3.6.1. Compression Algorithm
Data is compressed by the ubiquitous 'deflate' algorithm. This is the raw deflated data, not wrapped in the 'gzip' or 'zlib' formats which add a header and a checksum.
Note: If you use the zlib library, make sure you initialize the contexts to use raw 'deflate' format, since its default format is 'zlib'.
The deflated data in a frame MUST consist of complete blocks, so that the receiver's decompression context can reproduce the original frame data without needing any further compressed bytes. This means that the compression context must be flushed after writing the frame.
Flushing a 'deflate' encoder always produces output that ends with the four-byte sequence
00 00 FF FF. To save space, these bytes are removed from the frame. They must of course be added back before decoding a frame.
In summary, generating the body of a compressed frame works like this:
- Use the compression context to deflate enough message data (starting with the properties) to produce output of roughly the desired size.
- Flush the context, to ensure that the data ends on a block boundary. (If using zlib, use the mode
- Remove the last four bytes of the deflated data (which must be
00 00 FF FF).
The receiver of a compressed frame should do this:
- Append the four bytes
00 00 FF FFto the body of the frame.
- Feed the result through the decompression context.
- Flush the context to make sure it's written all of the inflated data to its output.
3.7. Flow Control
Flow control is necessary because different messages can be processed at different rates. A process might be receiving two large messages at once, and the frames of one message are processed more slowly (maybe they're being written to a file.) If the sender sends those frames too fast, the receiver will have to buffer them and its memory usage will keep going up. But the receiver can't just stop reading from the socket, or the other faster message receiver will stop getting data.
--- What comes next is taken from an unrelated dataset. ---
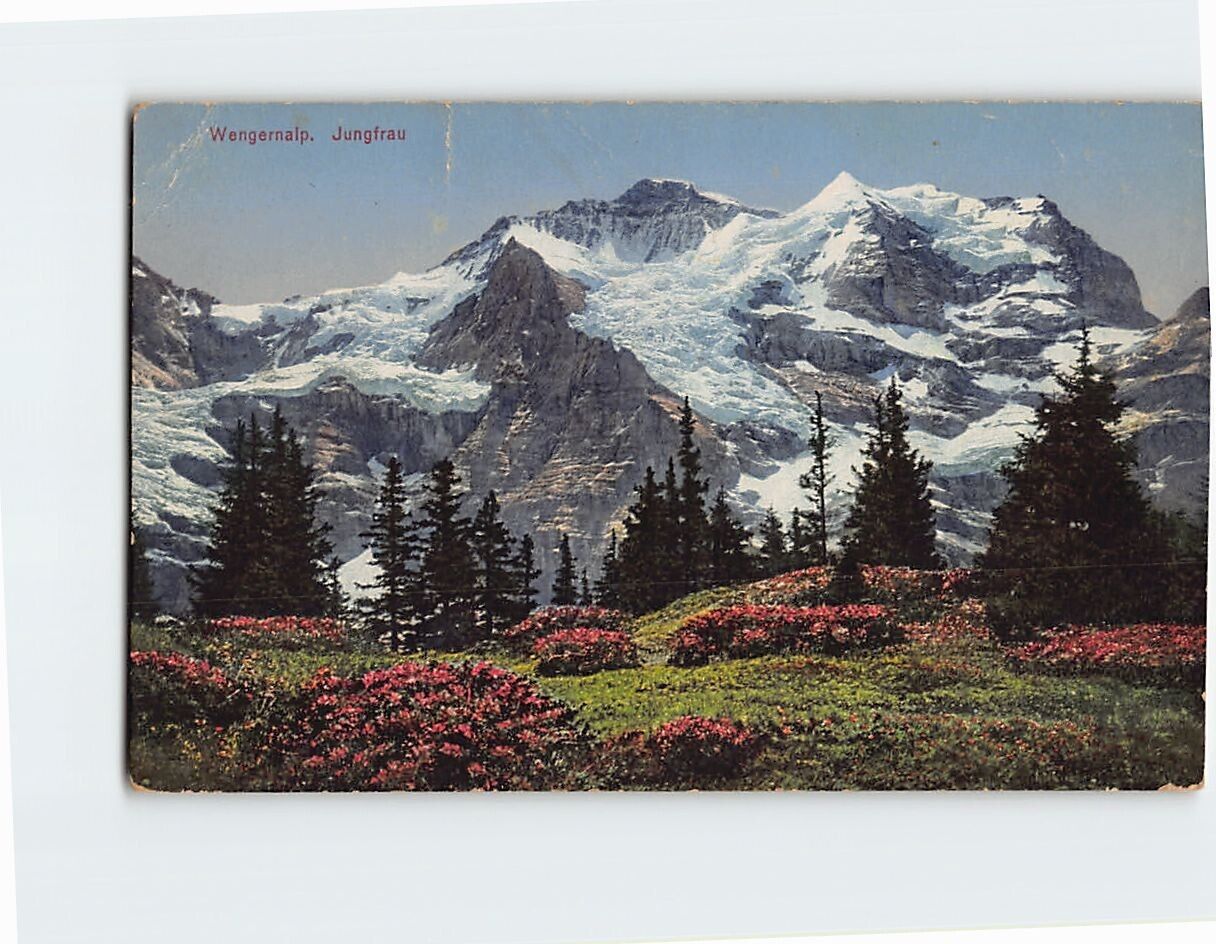 Postcard Jungfrau, Wengernalp, Lauterbrunnen, Switzerland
BLIP provides per-message flow control via ACK frames that acknowledge receipt of data from a message. There are two types, ACKMSG and ACKRPY, the only difference being whether they acknowledge a MSG or RPY frame. The content of an ACK frame is a varint representing the total number of payload bytes received of that message so far.
- A process receiving a multi-frame message (request or reply) should send an ACK frame every time the number of bytes received exceeds a multiple of some byte interval (currently 50000 bytes.)
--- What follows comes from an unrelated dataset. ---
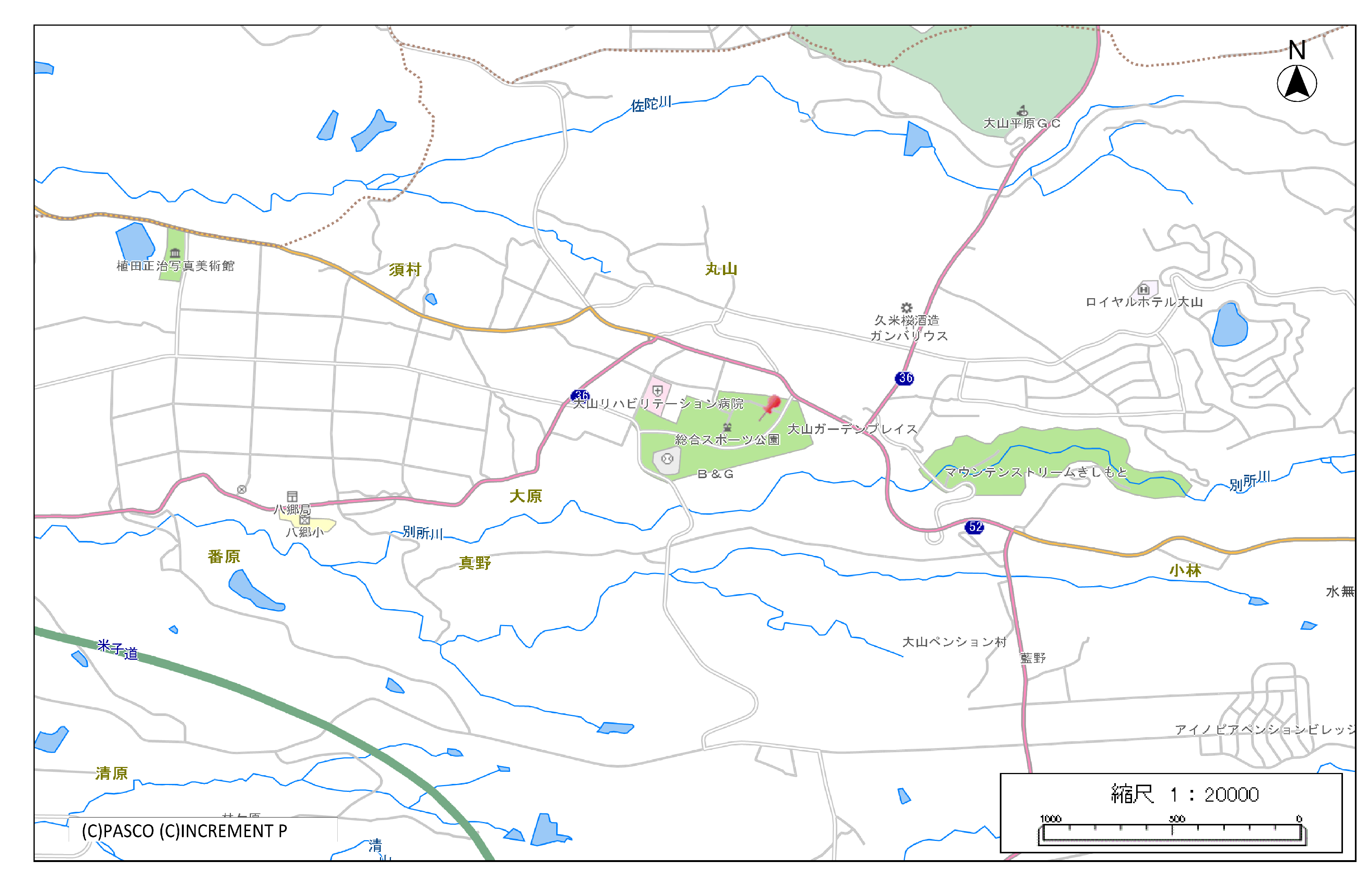 大原企業用地周辺地図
- A process sending a multi-frame message should stop sending frames of that message whenever the number of unacknowledged bytes (bytes sent minus highest byte count received in an ACK) exceeds a threshold (which is currenly 128000 bytes.) A message suspended this way is removed from the normal queue (sec. 3.2) until an ACK with a sufficiently high byte count is received.
3.8. Protocol Error Handling
Many types of errors could be found in the incoming data while the receiver is parsing it. Some errors are fatal, and the peer should respond by immediately closing the connection. Other errors, called frame errors, can be handled by ignoring the frame and going on to the next.
Fatal errors are:
- Bad varint encoding -- the frame cuts off in the middle of a multi-byte varint
- Missing header value -- either no flags, or just an empty frame
- Receiving a frame type that isn't used for BLIP, e.g. a non-binary WebSocket message
- Invalid 'deflate'-format data in a compressed frame
- A frame checksum that doesn't match the current input CRC32 checksum.
Frame errors are:
- Unknown message type (neither request nor response)
- Request number refers to an already-completed request or response (i.e. a prior frame with this number had its "more-coming" flag set to false)
- A property string contains invalid UTF-8
- The property data's length field is longer than the message
- The property data, if non-empty, does not end with a NUL byte
- The property data contains an odd number of NUL bytes
Note that it is not an error if:
- Undefined flag bits are set (except for the ones that encode the message type). These bits can be ignored.
- Property keys are not recognized by the application (BLIP itself doesn't care what the property keys mean. It's up to the application to decide what to do about such properties.)